Anyone familiar with the work of international rights organizations Amnesty International, Human Rights Watch, Freedom House, or Reporters Without Borders and the like is probably also familiar with the places Kazakhstan, Tajikistan, Turkmenistan, Uzbekistan, and to a lesser extent Kyrgyzstan.
The rights records, certainly of the first four, have been criticized from their early days of independence. But their situations have actually grown noticeably worse, and even Kyrgyzstan has recently been the subject of a number of appeals and reports from rights groups.
To look at what is going on and why it is happening, RFE/RL's Turkmen Service, known locally as Azatlyk, assembled a panel to review these recent negative trends and suggest possible remedies.
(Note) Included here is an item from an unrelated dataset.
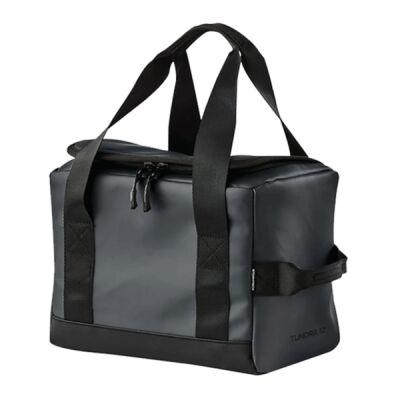 TUNDRA 12 CAN COOLER PACK Thumbnail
Azatlyk director Muhammad Tahir moderated the panel. Participating were Johann Bihr, head of the Reporters Without Borders Eastern Europe and Central Asia desk; Steve Swerdlow, Central Asia researcher at Human Rights Watch (and a Qishloq resident); and RFE/RL intern Bradley Jardine, a graduate student at Glasgow University who was back for his second straight appearance (his professor told us to work him hard). I, of course, simply had to say my piece as well, considering how long I've been writing about this topic.
The deterioration of rights in Central Asia runs across the spectrum: civil rights, media freedom, labor rights, religious freedom, respect for minorities, ability to participate in the political process, and on and on.
Let's start with the great information highway and Central Asian governments' efforts to control or cut off the Internet.
Bihr brought up the recent case of a Tajik commander of the elite Interior Ministry troops (OMON) who apparently defected to the Islamic State (IS) militant group and then released a threatening video. Bihr recalled that Tajik authorities initiated a "nearly two-week-long Internet blockade in Tajikistan, which targeted all major social networks including YouTube, Odnoklassniki, Vkontakte, and others."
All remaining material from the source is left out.